Walker v. Allstate Insurance Co.
[Indexed as: Walker v. Allstate Insurance Co.]
59 O.R. (3d) 636
[2002] O.J. No. 2140
Docket No. C36238
Court of Appeal for Ontario,
Catzman, Sharpe and Cronk JJ.A.
May 30, 2002
Insurance -- Automobile insurance -- Statutory accident benefits -- Section 9.1 of Automobile Insurance Regulation does not apply to settlements that occur after litigation has been commenced -- Automobile Insurance Regulation, R.R.O. 1990, Reg. 664, s. 9.1
The insurer paid the insured Statutory Accident Benefits ("SABs") until a dispute arose as to his entitlement to further benefits. The respondent commenced two actions against the respondent claiming SABs. The parties settled the actions at a private mediation, and orders were granted dismissing each action. The insured then retained new counsel and moved for a declaration that the settlement agreement had been rescinded and for an order setting aside the order dismissing the action, arguing that the insurer had failed to comply with its obligation under s. 9.1(2)5 of the Automobile Insurance Regulation to provide a statement of its estimate of the commuted value of the insured's supplementary medical and rehabilitation benefits and an explanation of how it determined the commuted value of those benefits. The motion was granted. The insurer appealed, arguing that the supplementary medical and rehabilitation benefits were lump sum benefits under the Statutory Accident Benefits Schedule and therefore were not subject to the insurer's obligation under s. 9.1(2)5 of the Regulation.

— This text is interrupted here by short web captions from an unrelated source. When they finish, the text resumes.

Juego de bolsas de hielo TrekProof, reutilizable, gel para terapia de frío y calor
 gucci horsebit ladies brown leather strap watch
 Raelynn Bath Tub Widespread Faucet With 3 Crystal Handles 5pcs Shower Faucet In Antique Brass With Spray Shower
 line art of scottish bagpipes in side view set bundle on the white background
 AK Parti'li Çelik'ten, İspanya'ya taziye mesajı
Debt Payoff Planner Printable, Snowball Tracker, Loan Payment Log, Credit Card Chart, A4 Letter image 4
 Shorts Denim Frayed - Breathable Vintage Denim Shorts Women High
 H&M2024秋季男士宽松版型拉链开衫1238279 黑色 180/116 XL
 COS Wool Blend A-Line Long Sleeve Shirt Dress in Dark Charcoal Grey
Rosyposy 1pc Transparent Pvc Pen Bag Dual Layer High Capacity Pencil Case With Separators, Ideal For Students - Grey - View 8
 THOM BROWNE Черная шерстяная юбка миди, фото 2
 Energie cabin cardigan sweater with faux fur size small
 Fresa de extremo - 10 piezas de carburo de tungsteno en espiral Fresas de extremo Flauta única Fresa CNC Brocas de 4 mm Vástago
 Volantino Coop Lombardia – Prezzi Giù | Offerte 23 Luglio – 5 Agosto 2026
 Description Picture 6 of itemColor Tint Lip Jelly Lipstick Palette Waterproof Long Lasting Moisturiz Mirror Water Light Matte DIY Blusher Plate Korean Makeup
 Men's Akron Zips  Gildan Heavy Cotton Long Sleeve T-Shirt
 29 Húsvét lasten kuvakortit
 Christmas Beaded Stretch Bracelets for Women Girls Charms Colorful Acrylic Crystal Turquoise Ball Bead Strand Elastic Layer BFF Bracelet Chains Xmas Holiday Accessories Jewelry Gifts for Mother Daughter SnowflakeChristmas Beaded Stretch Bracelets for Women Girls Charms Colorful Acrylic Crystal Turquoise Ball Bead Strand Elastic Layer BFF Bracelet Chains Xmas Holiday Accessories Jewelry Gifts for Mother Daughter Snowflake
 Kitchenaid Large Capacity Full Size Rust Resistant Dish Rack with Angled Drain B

Held, the appeal should be allowed.
Section 9.1 of the regulation does not apply to settlements that occur after litigation has been commenced. The insured's claim was settled after litigation had been commenced. It was not reached as a result of the dispute resolution procedures mandated by the regulation, but was reached at a privately arranged mediation initiated by the parties themselves after the commencement of the action. Section 9.1 of the regulation did not apply in the circumstances of this case.
Although it was unnecessary to address this issue, the supplementary medical and rehabilitation benefits at issue in this case were not lump sum benefits. The characterization of benefits as lump sum or non-lump sum should be based on the legislative purpose of s. 9.1 of the regulation, which is to ensure that claimants have adequate information regarding the claims they are settling. Where, as in this case, the settlement involves a sum calculated to provide the claimant with the capital amount necessary to provide a stream of payments to meet specified recurring expenses, the calculation of that sum will depend upon certain assumptions and actuarial calculations. In such a case, the claimant is entitled to know how the insurer has commuted the value of a series of expenses to a single sum.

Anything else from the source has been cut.